- Directions: Extract the lines from the first line of the records below through the line containing "DIY brown resin", inclusive, and reproduce them exactly as written.

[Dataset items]

○ ○ ○

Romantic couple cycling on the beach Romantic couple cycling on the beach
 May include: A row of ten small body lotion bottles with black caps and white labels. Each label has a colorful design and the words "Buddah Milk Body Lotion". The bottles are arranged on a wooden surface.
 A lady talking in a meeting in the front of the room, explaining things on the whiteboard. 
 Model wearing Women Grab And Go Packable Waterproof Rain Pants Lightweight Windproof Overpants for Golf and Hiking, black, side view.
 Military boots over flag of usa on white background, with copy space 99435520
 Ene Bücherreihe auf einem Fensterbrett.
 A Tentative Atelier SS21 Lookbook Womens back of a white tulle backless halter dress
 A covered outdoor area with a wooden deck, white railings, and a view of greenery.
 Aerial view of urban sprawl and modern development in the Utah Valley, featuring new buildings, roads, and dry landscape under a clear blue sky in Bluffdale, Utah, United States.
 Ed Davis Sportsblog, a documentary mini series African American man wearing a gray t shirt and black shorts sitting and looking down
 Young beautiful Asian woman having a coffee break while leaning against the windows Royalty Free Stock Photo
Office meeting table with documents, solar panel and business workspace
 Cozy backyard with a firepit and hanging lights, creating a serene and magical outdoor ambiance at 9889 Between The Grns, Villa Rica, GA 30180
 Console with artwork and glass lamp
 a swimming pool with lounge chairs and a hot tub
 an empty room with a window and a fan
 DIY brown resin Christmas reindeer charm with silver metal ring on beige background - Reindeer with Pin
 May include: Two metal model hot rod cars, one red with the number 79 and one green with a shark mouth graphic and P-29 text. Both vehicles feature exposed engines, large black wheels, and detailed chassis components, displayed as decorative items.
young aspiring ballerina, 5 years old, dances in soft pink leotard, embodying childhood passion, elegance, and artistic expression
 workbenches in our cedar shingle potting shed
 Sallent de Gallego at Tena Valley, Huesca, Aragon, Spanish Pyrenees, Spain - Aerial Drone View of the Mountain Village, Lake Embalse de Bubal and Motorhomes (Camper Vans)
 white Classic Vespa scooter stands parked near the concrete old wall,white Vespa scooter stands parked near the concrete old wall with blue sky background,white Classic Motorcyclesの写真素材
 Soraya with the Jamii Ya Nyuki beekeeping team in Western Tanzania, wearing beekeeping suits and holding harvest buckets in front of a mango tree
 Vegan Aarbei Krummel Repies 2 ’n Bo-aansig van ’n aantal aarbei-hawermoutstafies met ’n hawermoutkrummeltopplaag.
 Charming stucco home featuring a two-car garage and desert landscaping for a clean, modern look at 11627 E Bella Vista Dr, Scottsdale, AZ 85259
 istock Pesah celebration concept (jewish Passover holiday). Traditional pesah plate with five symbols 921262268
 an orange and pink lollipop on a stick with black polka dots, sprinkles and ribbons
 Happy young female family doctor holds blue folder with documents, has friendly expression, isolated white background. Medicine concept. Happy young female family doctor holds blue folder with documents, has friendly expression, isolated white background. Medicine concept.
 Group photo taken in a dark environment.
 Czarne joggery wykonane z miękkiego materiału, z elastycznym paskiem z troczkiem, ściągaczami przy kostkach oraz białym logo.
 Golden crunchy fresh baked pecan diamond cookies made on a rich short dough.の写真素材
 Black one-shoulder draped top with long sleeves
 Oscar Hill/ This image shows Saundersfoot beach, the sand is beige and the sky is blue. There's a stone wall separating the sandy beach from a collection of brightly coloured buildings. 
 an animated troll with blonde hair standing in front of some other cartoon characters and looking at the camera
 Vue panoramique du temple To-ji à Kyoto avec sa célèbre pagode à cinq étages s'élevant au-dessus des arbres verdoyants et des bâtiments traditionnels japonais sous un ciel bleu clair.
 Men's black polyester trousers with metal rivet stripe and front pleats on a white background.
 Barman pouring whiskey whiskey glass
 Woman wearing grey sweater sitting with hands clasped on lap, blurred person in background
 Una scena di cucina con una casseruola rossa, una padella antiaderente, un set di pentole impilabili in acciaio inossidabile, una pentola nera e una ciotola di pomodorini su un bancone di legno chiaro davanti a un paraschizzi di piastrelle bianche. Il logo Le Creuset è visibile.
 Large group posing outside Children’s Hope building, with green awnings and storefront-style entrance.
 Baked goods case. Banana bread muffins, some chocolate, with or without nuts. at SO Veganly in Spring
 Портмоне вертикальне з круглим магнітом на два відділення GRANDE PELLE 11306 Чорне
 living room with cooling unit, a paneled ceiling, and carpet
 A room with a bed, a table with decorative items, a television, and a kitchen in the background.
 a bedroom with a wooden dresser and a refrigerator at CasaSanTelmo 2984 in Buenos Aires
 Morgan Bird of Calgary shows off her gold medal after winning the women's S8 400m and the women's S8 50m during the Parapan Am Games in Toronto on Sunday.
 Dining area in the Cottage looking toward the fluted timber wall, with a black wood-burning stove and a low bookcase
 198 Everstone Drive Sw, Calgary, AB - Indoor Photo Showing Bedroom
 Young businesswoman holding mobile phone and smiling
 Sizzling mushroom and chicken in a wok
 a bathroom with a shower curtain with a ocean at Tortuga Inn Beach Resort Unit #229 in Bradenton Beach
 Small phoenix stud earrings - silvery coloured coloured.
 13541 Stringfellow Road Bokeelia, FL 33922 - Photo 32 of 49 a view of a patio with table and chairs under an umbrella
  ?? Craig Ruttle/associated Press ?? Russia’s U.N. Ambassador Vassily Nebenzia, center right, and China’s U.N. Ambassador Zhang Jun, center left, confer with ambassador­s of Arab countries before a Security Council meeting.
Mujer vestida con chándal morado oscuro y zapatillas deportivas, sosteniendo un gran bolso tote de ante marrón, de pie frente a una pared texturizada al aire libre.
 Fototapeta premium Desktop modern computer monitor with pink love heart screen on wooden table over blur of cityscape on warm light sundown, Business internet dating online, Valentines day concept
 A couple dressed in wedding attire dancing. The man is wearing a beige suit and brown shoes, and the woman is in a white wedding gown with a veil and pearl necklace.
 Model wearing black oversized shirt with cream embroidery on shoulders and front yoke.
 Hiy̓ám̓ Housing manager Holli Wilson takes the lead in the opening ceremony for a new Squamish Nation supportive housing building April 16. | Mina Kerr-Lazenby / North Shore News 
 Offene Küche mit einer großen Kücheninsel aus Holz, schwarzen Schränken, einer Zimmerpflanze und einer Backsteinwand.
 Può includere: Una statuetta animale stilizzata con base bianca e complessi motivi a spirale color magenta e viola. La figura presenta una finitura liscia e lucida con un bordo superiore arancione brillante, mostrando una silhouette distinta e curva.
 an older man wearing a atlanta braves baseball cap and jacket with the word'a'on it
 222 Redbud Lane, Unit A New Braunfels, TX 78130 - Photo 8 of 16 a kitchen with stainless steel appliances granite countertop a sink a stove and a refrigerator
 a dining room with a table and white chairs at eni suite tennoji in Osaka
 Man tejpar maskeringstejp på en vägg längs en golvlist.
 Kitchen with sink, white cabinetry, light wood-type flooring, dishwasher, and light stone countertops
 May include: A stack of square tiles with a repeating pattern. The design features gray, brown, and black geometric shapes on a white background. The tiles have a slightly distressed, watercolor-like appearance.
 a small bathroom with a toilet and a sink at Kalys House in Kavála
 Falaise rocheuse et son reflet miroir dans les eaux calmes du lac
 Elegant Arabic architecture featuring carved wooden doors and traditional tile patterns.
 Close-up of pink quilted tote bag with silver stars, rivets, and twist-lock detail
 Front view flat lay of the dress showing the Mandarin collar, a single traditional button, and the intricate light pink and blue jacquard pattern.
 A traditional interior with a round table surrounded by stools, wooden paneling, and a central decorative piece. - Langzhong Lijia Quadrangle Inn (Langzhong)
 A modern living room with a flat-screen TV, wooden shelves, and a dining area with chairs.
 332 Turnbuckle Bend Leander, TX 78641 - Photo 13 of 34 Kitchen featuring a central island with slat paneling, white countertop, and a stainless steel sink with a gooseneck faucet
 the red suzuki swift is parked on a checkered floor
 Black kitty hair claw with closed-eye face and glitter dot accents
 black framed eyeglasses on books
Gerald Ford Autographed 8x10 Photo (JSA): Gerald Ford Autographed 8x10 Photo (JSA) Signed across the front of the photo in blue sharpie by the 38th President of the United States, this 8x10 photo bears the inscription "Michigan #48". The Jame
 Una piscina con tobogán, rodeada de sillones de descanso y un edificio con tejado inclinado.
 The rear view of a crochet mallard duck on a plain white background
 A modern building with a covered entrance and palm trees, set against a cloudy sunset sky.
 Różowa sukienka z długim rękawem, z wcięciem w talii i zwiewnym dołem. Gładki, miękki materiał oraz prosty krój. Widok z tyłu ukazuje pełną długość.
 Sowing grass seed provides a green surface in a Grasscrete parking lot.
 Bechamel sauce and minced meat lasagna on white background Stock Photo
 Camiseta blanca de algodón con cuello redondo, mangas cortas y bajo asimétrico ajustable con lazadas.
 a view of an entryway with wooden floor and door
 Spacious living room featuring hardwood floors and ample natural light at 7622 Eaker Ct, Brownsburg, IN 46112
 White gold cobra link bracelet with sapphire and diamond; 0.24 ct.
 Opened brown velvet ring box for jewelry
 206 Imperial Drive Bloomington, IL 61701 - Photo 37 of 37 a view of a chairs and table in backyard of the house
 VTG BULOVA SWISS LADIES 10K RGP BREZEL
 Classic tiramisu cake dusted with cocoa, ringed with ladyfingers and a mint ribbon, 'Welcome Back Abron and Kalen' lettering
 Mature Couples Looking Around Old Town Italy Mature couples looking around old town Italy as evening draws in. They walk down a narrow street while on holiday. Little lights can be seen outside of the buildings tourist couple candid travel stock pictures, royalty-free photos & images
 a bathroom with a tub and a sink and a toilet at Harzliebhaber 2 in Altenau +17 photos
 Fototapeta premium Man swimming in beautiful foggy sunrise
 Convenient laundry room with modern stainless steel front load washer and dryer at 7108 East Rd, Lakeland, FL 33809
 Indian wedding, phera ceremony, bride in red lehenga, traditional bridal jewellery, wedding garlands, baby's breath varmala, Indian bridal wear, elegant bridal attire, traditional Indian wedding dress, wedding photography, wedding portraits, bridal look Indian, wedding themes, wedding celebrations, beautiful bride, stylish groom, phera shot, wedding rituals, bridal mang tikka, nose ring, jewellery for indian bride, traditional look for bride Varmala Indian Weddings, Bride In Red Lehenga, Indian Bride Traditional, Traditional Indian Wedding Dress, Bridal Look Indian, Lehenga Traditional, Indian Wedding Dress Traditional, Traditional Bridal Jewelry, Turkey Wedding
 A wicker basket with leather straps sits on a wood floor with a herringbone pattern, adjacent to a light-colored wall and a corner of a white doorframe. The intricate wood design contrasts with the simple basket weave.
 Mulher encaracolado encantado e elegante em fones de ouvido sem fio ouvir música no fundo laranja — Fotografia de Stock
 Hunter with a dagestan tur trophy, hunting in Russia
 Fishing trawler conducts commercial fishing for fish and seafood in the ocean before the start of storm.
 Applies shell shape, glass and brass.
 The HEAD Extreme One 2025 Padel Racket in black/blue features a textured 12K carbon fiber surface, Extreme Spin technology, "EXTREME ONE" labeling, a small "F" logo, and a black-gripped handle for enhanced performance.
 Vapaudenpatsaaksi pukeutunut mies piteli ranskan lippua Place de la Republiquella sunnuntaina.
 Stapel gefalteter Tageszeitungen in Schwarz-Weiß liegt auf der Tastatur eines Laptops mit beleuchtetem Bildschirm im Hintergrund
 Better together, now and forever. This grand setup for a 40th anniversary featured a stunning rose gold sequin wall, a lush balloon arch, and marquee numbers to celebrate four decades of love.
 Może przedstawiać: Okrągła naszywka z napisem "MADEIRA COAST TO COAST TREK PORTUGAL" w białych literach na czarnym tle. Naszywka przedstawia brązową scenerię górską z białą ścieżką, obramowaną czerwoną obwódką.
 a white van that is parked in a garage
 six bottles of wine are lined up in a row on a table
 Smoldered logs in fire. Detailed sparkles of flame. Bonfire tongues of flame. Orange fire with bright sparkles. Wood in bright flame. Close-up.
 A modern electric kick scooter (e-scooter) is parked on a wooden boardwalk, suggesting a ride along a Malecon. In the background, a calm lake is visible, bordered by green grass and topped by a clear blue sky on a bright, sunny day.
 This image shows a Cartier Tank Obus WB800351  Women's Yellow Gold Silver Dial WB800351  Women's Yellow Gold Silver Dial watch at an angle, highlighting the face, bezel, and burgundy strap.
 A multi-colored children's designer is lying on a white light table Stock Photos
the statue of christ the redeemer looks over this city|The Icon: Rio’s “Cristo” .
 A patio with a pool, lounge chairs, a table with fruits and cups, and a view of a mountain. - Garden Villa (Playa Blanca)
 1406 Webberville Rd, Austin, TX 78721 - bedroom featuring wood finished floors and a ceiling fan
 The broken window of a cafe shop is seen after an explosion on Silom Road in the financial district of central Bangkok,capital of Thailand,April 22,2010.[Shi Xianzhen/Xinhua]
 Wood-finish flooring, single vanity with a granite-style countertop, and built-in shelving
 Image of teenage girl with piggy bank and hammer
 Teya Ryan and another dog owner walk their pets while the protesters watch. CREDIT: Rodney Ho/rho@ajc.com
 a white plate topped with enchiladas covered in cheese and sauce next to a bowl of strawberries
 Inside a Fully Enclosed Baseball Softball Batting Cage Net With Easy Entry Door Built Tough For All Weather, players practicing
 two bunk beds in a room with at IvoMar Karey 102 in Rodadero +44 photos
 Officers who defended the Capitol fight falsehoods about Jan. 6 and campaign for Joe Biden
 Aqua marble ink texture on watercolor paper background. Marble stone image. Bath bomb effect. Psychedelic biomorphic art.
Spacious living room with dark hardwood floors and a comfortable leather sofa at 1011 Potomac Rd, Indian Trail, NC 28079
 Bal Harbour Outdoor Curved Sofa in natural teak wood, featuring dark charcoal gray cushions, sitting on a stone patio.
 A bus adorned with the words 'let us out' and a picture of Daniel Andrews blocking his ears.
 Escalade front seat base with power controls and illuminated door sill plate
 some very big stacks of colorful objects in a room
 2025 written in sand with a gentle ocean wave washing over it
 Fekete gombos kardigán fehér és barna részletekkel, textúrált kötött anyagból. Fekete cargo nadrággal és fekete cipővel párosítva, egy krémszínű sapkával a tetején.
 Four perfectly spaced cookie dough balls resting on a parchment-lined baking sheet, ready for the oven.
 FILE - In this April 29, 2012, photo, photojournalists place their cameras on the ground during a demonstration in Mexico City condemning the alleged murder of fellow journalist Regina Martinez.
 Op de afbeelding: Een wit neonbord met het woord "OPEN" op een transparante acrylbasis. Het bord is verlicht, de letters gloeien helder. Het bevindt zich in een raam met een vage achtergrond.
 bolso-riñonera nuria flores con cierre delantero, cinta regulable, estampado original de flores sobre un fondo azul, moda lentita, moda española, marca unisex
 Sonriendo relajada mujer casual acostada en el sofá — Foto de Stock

○ ○ ○

- Answer section:
Romantic couple cycling on the beach Romantic couple cycling on the beach
 May include: A row of ten small body lotion bottles with black caps and white labels. Each label has a colorful design and the words "Buddah Milk Body Lotion". The bottles are arranged on a wooden surface.
 A lady talking in a meeting in the front of the room, explaining things on the whiteboard. 
 Model wearing Women Grab And Go Packable Waterproof Rain Pants Lightweight Windproof Overpants for Golf and Hiking, black, side view.
 Military boots over flag of usa on white background, with copy space 99435520
 Ene Bücherreihe auf einem Fensterbrett.
 A Tentative Atelier SS21 Lookbook Womens back of a white tulle backless halter dress
 A covered outdoor area with a wooden deck, white railings, and a view of greenery.
 Aerial view of urban sprawl and modern development in the Utah Valley, featuring new buildings, roads, and dry landscape under a clear blue sky in Bluffdale, Utah, United States.
 Ed Davis Sportsblog, a documentary mini series African American man wearing a gray t shirt and black shorts sitting and looking down
 Young beautiful Asian woman having a coffee break while leaning against the windows Royalty Free Stock Photo
Office meeting table with documents, solar panel and business workspace
 Cozy backyard with a firepit and hanging lights, creating a serene and magical outdoor ambiance at 9889 Between The Grns, Villa Rica, GA 30180
 Console with artwork and glass lamp
 a swimming pool with lounge chairs and a hot tub
 an empty room with a window and a fan
 DIY brown resin Christmas reindeer charm with silver metal ring on beige background - Reindeer with Pin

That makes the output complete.